Each of the scientific quadrants identified by Stokes is important to the common good. Those who argue for the value of basic research have no trouble finding examples of work inspired only by intellectual curiosity that turned out to be extremely practical. Bohrs' work on quantum physics is a case in point.

Without in any way diminishing the value of basic research, whether use-inspired or not, I want to argue for the importance of activities in Edison's quadrant, particularly for topics in which there is a large distance between what the world needs and what realistically can be expected to flow from basic research, and for topics in which problem solutions are richly multivariate and contextual.

Education is such an area: a field in which there is a gulf between the bench and the trench, and in which the trench is complicated by many players, settings, and circumstances. Choose what you consider to be the most exciting developments from basic research in Bohrs' or Pasteur's quadrants that are relevant to education. I'll pick developments in cognitive neuroscience. Paint the rosiest scenario you dare for basic scientific progress in the topic you've chosen over the next 15 years. Then ask yourself what would need to be done to translate those imagined findings into applications that would have wide and powerful effects on education outcomes. I don't know about you, but I'm not optimistic that the results of basic research, even if the findings are powerful, will flow directly and naturally into education. Goodness!

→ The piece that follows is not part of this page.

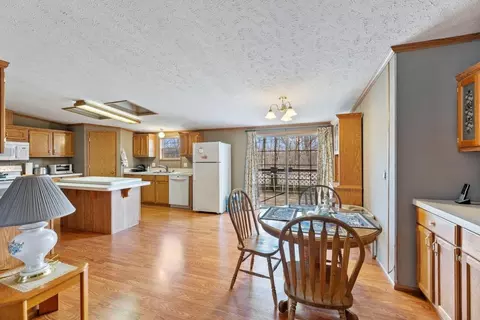5642 Thomas Rd, Georgetown, OH 45121 photo 3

Education hasn't even incorporated into instruction what we know from basic research about the effects of massed versus distributed practice - and I learned about that in a psychology course I took in 1962.

Yes, the world needs basic research in disciplines related to education, such as economics, psychology, and management. But education won't be transformed by applications of research until someone engineers systems and approaches and packages that work in the settings in which they will be deployed. For my example of massed versus distributed practice, we need curricula that administrators will select and that teachers will follow that distributes and sequences content appropriately. Likewise, for other existing knowledge or new breakthroughs, we need effective delivery systems. The model that Edison provides of an invention factory that moves from inspiration through lab research to trials of effectiveness to promotion and finally to distribution and product support is particularly applicable to education.

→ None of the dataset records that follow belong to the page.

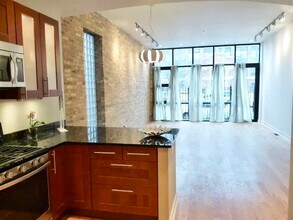 1423 N Cleaver St, Unit 1 F in Chicago, IL - Building Photo - Building Photo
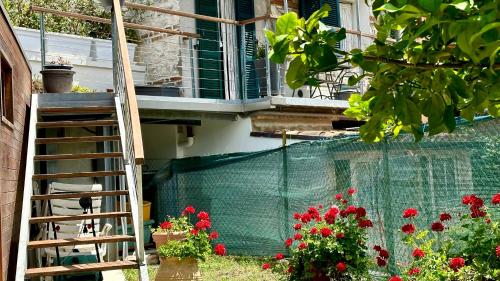 Gambar di galeri bagi N275 - Numana, trilocale in centro con delizioso giardino di Numana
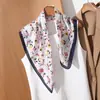 Pañuelo Cuadrado Delgado para el Viaje Diario, Estilo Simple y Elegante para Mujer, Camisa Versátil con Pañuelo de Seda Decorativo Pequeño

In summary, the Institute's statutory mission, as well as the conceptual model I've just outlined, points the Institute toward applied research, Edison's quadrant.

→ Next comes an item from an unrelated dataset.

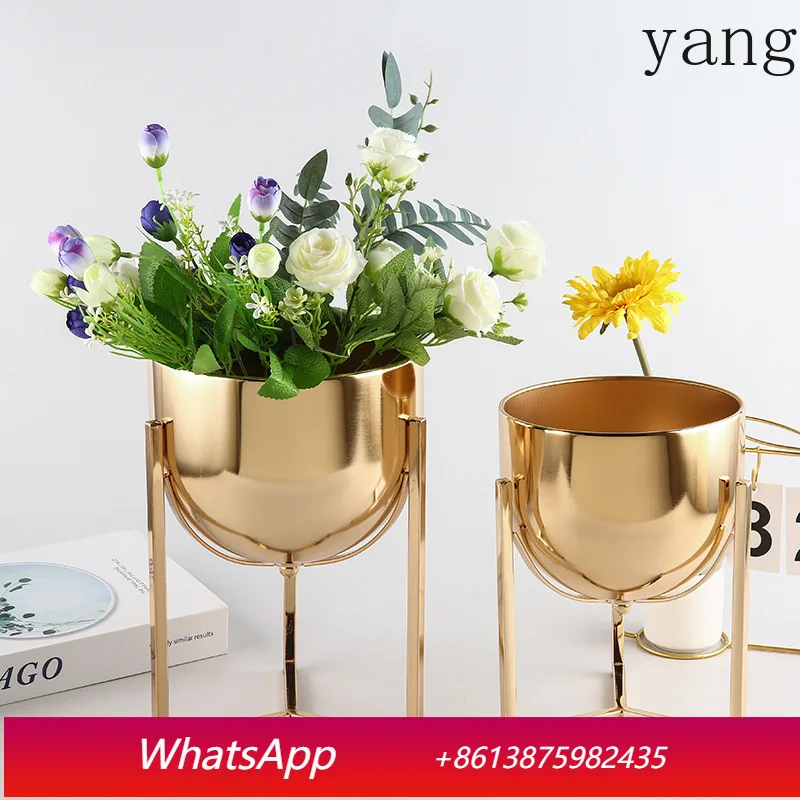 

CX light luxury living room metal floor vase TV cabinet model room flower arrangement device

I've labeled this chart, "Edison's quadrant, mostly," because I understand that it is important to nurture the development of basic knowledge related to education, particularly in areas in which other science agencies and major foundation's aren't involved. Thus, when resources permit, the Institute will support work that examines underlying process and mechanisms, and work that is initiated by the field. For instance, the President's budget request for the Institute for fiscal year 04 includes a healthy amount of money for a field-initiated competition. In addition, many of our new funding programs that are squarely focused on application, such as our program in preschool curriculum evaluation, provide for grantees to carry out parallel research that examines underlying processes.

That said, I reiterate that the primary focus for the Institute will be on work that has high consideration of use, that is practical, that is applied, that is relevant to practitioners and policy makers.